Zaha Hadid Architects’ new 207-metre Beijing skyscraper, Leeza Soho, features a twisting, steel-formed atrium space, which will be the tallest in the world once completed

“We didn’t set out to break records with Leeza Soho,” says Satoshi Ohashi, director of Zaha Hadid Architects. “As with all our projects, the building was designed in response to site conditions.”

The architect practice was set up in China in 2008, and has since been responsible for a number of large-scale commercial buildings. Leeza Soho is the latest of four projects for developer Soho China, which includes two others in Beijing.

“Leeza Soho is a commercial building, with 45-floors of office space and four floors of basement underneath – two for parking and the other two for shopping,” explains project director Satoshi. “There’s a direct link from the subway station to these lower levels, which makes it very convenient for office workers.”



Designed by Zaha Hadid before her death in March 2016, the skyscraper is currently being built in the Lize financial business district in southwest Beijing and will have a combined floor area of 172,800m2. Constructed over a subway tunnel which runs diagonally across the site, the tower has been designed in two distinct halves connected by an atrium which – at 190 metres – is destined to take the record as the world’s tallest.

“The tower really pushes the possibilities of construction, design and engineering, despite its challenging site conditions, and it is steel which creates these virtually limitless possibilities,” Satoshi explains.

Engineering such a unique, contemporary tower would have been impossible without steel. Apart from a core which contains the elevators, the entire remaining structure is framed in steel, which stabilises the building and forms its gently twisting elliptical shape.

“As Beijing is extending its infrastructure, new subway systems are being built, and our client’s site stands above the intersection of lines 14 and 16. We literally had to span the tunnel by splitting the tower in half, so that the foundations wouldn’t affect the subway. The most elegant way to unify these two halves was with a central atrium, which will become a new public space for the city.”

“The tower really pushes the possibilities of construction, design and engineering, despite its challenging site conditions, and it is steel which creates these virtually limitless possibilities”

Satoshi Ohashi

The footplate of the tower tapers to enable the required ratio of green space and access roads on the site, with parks and plazas surrounding the base. The building then becomes wider in the middle, and tapers again at the top. As the tower rises, the diagonal axis defined by the subway tunnel is re-aligned by twisting the atrium through 45 degrees, allowing panoramic views of the city and natural light to enter at all levels.

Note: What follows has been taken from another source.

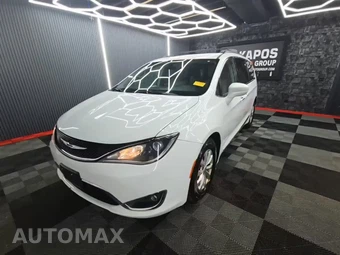 2017 Chrysler Pacifica Touring L 121.6" WB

“In many office buildings you step out of the elevator into a black corridor, but in this case you’re in a light-filled space which reduces the need for artificial light,” says Satoshi.

Perimeter columns follow the tapering form, and four structural steel truss rings tie the two halves together, creating bridges which pass across the canyon-like atrium.

A double-insulated curtain wall system of low-e glass forms the skyscraper’s façade, and the glazing units on each floor are stepped at an angle, reminiscent of fish scales in appearance. These have been designed to aid ventilation, and help to maintain a comfortable indoor temperature to combat the extreme weather conditions in Beijing.



“Sustainability was key to the design, and we are targeting LEED Gold certification,” says Satoshi. An advanced 3D BIM energy management system will monitor energy efficiency and environmental control, integrating such factors as heat-recovery from exhaust air, lighting, and water-collection for grey water flushing and landscape irrigation.

“All our projects in China are on a huge scale, but are accomplished in a relatively short time,” says Satoshi. “Leeza Soho is a three-year project, due to be completed in 2018, and we already have more than half of the steelwork in place, with the remaining steel due to be finished later this year. The speed and scale of these projects is a big challenge.

“The second challenge is the technical making of these huge structures. For this project the geometry of the exterior cladding is complex, because of the gradually stepped windows, which create texture. Behind the cladding the steelwork needs to be very accurate, and its fabrication, welding and sequence of construction has to be carefully coordinated and controlled.”

Satoshi knew and collaborated with Zaha Hadid for more than thirty years before her untimely death, aged 65. Known as ‘queen of the curve’ Zaha relied heavily on steel to facilitate her ambitious designs.

“In the early days there were no computers, and everything was still drawn by hand,” he says. “Of course, now we use 3D tools that allow us to design and model these geometries, which can be fabricated in steel very accurately.

“We have a responsibility to complete Leeza Soho to the standard Zaha would have expected.”